• _Work order_
From the first line to the last, copy the material exactly.
• • • • • • •
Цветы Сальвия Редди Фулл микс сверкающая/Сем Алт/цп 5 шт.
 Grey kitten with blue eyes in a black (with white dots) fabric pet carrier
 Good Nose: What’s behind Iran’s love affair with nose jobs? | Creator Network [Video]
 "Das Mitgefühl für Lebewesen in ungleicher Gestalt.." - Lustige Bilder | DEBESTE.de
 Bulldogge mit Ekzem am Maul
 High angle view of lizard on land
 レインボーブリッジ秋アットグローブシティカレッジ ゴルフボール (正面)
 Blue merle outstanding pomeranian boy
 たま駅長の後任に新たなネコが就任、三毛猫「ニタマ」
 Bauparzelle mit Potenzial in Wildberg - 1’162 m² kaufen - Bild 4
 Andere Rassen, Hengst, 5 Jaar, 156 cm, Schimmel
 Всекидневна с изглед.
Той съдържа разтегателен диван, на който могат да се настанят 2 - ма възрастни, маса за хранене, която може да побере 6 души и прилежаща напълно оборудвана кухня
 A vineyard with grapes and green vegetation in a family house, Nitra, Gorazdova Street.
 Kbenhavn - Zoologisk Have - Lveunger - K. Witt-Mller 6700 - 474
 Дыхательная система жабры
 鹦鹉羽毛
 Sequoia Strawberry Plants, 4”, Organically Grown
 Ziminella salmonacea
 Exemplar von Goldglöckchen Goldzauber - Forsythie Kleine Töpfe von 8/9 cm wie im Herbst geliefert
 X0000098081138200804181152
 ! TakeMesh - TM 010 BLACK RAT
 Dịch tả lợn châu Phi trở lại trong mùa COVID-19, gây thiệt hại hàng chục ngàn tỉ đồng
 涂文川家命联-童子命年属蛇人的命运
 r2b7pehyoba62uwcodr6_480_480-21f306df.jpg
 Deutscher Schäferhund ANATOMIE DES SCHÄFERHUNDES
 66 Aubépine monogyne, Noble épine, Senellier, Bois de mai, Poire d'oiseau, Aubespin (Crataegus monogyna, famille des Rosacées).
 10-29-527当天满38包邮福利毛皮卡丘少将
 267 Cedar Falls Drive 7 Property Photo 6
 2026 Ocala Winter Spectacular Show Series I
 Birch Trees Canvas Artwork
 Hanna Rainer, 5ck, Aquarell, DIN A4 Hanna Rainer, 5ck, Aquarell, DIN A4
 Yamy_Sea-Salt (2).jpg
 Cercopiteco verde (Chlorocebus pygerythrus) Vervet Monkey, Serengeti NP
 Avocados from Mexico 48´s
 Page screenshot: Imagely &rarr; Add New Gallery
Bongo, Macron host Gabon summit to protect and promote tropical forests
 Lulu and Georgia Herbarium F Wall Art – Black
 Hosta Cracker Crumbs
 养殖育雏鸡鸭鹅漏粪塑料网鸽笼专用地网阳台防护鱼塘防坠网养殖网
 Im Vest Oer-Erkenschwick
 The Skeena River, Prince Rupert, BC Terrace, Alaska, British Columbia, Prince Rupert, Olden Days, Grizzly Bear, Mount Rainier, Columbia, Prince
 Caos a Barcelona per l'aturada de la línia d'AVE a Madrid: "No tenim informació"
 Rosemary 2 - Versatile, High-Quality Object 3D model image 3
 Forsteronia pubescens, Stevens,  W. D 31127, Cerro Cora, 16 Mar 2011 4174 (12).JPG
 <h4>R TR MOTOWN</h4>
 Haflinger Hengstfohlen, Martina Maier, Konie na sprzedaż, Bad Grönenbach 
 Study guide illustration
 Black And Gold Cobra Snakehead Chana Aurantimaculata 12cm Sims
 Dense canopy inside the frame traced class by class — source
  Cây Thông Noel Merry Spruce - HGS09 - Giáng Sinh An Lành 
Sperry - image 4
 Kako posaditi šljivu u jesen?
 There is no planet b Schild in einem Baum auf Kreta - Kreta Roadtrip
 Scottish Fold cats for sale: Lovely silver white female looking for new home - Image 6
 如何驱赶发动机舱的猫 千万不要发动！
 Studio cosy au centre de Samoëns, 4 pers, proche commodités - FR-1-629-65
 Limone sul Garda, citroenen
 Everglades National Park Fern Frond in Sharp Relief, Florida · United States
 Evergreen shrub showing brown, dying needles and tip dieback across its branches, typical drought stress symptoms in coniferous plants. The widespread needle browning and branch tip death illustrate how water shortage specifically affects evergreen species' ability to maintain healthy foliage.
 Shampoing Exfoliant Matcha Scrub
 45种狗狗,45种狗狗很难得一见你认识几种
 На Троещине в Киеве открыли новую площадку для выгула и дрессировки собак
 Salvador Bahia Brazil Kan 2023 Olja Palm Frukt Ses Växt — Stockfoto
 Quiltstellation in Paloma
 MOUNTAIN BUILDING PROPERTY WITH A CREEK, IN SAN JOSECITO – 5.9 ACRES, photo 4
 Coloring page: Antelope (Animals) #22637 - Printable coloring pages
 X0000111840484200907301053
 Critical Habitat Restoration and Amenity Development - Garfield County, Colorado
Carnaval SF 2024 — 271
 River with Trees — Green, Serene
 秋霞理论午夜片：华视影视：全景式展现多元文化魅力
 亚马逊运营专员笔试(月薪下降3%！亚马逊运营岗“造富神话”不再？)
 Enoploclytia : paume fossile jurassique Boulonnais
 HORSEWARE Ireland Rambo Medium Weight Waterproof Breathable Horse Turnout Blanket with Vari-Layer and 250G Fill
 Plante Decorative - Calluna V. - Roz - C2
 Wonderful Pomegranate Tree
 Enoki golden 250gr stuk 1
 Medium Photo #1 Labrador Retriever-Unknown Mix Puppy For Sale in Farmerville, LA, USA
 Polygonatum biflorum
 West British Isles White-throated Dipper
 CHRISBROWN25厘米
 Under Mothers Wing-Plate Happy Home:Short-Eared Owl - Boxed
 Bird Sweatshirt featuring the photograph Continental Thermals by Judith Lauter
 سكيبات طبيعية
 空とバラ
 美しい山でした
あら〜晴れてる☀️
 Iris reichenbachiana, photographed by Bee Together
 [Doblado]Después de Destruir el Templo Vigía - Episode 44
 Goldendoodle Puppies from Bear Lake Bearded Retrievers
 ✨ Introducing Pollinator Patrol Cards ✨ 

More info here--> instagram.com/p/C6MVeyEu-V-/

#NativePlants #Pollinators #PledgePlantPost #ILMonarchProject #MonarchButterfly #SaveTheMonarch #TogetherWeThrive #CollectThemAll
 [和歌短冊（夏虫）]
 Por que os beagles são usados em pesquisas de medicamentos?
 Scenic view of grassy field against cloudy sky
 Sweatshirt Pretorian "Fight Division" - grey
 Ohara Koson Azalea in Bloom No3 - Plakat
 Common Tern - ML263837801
• • • • • • •
• _Output_
Цветы Сальвия Редди Фулл микс сверкающая/Сем Алт/цп 5 шт.
 Grey kitten with blue eyes in a black (with white dots) fabric pet carrier
 Good Nose: What’s behind Iran’s love affair with nose jobs? | Creator Network [Video]
 "Das Mitgefühl für Lebewesen in ungleicher Gestalt.." - Lustige Bilder | DEBESTE.de
 Bulldogge mit Ekzem am Maul
 High angle view of lizard on land
 レインボーブリッジ秋アットグローブシティカレッジ ゴルフボール (正面)
 Blue merle outstanding pomeranian boy
 たま駅長の後任に新たなネコが就任、三毛猫「ニタマ」
 Bauparzelle mit Potenzial in Wildberg - 1’162 m² kaufen - Bild 4
 Andere Rassen, Hengst, 5 Jaar, 156 cm, Schimmel
 Всекидневна с изглед.
Той съдържа разтегателен диван, на който могат да се настанят 2 - ма възрастни, маса за хранене, която може да побере 6 души и прилежаща напълно оборудвана кухня
 A vineyard with grapes and green vegetation in a family house, Nitra, Gorazdova Street.
 Kbenhavn - Zoologisk Have - Lveunger - K. Witt-Mller 6700 - 474
 Дыхательная система жабры
 鹦鹉羽毛
 Sequoia Strawberry Plants, 4”, Organically Grown
 Ziminella salmonacea
 Exemplar von Goldglöckchen Goldzauber - Forsythie Kleine Töpfe von 8/9 cm wie im Herbst geliefert
 X0000098081138200804181152
 ! TakeMesh - TM 010 BLACK RAT
 Dịch tả lợn châu Phi trở lại trong mùa COVID-19, gây thiệt hại hàng chục ngàn tỉ đồng
 涂文川家命联-童子命年属蛇人的命运
 r2b7pehyoba62uwcodr6_480_480-21f306df.jpg
 Deutscher Schäferhund ANATOMIE DES SCHÄFERHUNDES
 66 Aubépine monogyne, Noble épine, Senellier, Bois de mai, Poire d'oiseau, Aubespin (Crataegus monogyna, famille des Rosacées).
 10-29-527当天满38包邮福利毛皮卡丘少将
 267 Cedar Falls Drive 7 Property Photo 6
 2026 Ocala Winter Spectacular Show Series I
 Birch Trees Canvas Artwork
 Hanna Rainer, 5ck, Aquarell, DIN A4 Hanna Rainer, 5ck, Aquarell, DIN A4
 Yamy_Sea-Salt (2).jpg
 Cercopiteco verde (Chlorocebus pygerythrus) Vervet Monkey, Serengeti NP
 Avocados from Mexico 48´s
 Page screenshot: Imagely &rarr; Add New Gallery
Bongo, Macron host Gabon summit to protect and promote tropical forests
 Lulu and Georgia Herbarium F Wall Art – Black
 Hosta Cracker Crumbs
 养殖育雏鸡鸭鹅漏粪塑料网鸽笼专用地网阳台防护鱼塘防坠网养殖网
 Im Vest Oer-Erkenschwick
 The Skeena River, Prince Rupert, BC Terrace, Alaska, British Columbia, Prince Rupert, Olden Days, Grizzly Bear, Mount Rainier, Columbia, Prince
 Caos a Barcelona per l'aturada de la línia d'AVE a Madrid: "No tenim informació"
 Rosemary 2 - Versatile, High-Quality Object 3D model image 3
 Forsteronia pubescens, Stevens,  W. D 31127, Cerro Cora, 16 Mar 2011 4174 (12).JPG
 <h4>R TR MOTOWN</h4>
 Haflinger Hengstfohlen, Martina Maier, Konie na sprzedaż, Bad Grönenbach 
 Study guide illustration
 Black And Gold Cobra Snakehead Chana Aurantimaculata 12cm Sims
 Dense canopy inside the frame traced class by class — source
  Cây Thông Noel Merry Spruce - HGS09 - Giáng Sinh An Lành 
Sperry - image 4
 Kako posaditi šljivu u jesen?
 There is no planet b Schild in einem Baum auf Kreta - Kreta Roadtrip
 Scottish Fold cats for sale: Lovely silver white female looking for new home - Image 6
 如何驱赶发动机舱的猫 千万不要发动！
 Studio cosy au centre de Samoëns, 4 pers, proche commodités - FR-1-629-65
 Limone sul Garda, citroenen
 Everglades National Park Fern Frond in Sharp Relief, Florida · United States
 Evergreen shrub showing brown, dying needles and tip dieback across its branches, typical drought stress symptoms in coniferous plants. The widespread needle browning and branch tip death illustrate how water shortage specifically affects evergreen species' ability to maintain healthy foliage.
 Shampoing Exfoliant Matcha Scrub
 45种狗狗,45种狗狗很难得一见你认识几种
 На Троещине в Киеве открыли новую площадку для выгула и дрессировки собак
 Salvador Bahia Brazil Kan 2023 Olja Palm Frukt Ses Växt — Stockfoto
 Quiltstellation in Paloma
 MOUNTAIN BUILDING PROPERTY WITH A CREEK, IN SAN JOSECITO – 5.9 ACRES, photo 4
 Coloring page: Antelope (Animals) #22637 - Printable coloring pages
 X0000111840484200907301053
 Critical Habitat Restoration and Amenity Development - Garfield County, Colorado
Carnaval SF 2024 — 271
 River with Trees — Green, Serene
 秋霞理论午夜片：华视影视：全景式展现多元文化魅力
 亚马逊运营专员笔试(月薪下降3%！亚马逊运营岗“造富神话”不再？)
 Enoploclytia : paume fossile jurassique Boulonnais
 HORSEWARE Ireland Rambo Medium Weight Waterproof Breathable Horse Turnout Blanket with Vari-Layer and 250G Fill
 Plante Decorative - Calluna V. - Roz - C2
 Wonderful Pomegranate Tree
 Enoki golden 250gr stuk 1
 Medium Photo #1 Labrador Retriever-Unknown Mix Puppy For Sale in Farmerville, LA, USA
 Polygonatum biflorum
 West British Isles White-throated Dipper
 CHRISBROWN25厘米
 Under Mothers Wing-Plate Happy Home:Short-Eared Owl - Boxed
 Bird Sweatshirt featuring the photograph Continental Thermals by Judith Lauter
 سكيبات طبيعية
 空とバラ
 美しい山でした
あら〜晴れてる☀️
 Iris reichenbachiana, photographed by Bee Together
 [Doblado]Después de Destruir el Templo Vigía - Episode 44
 Goldendoodle Puppies from Bear Lake Bearded Retrievers
 ✨ Introducing Pollinator Patrol Cards ✨ 

More info here--> instagram.com/p/C6MVeyEu-V-/

#NativePlants #Pollinators #PledgePlantPost #ILMonarchProject #MonarchButterfly #SaveTheMonarch #TogetherWeThrive #CollectThemAll
 [和歌短冊（夏虫）]
 Por que os beagles são usados em pesquisas de medicamentos?
 Scenic view of grassy field against cloudy sky
 Sweatshirt Pretorian "Fight Division" - grey
 Ohara Koson Azalea in Bloom No3 - Plakat
 Common Tern - ML263837801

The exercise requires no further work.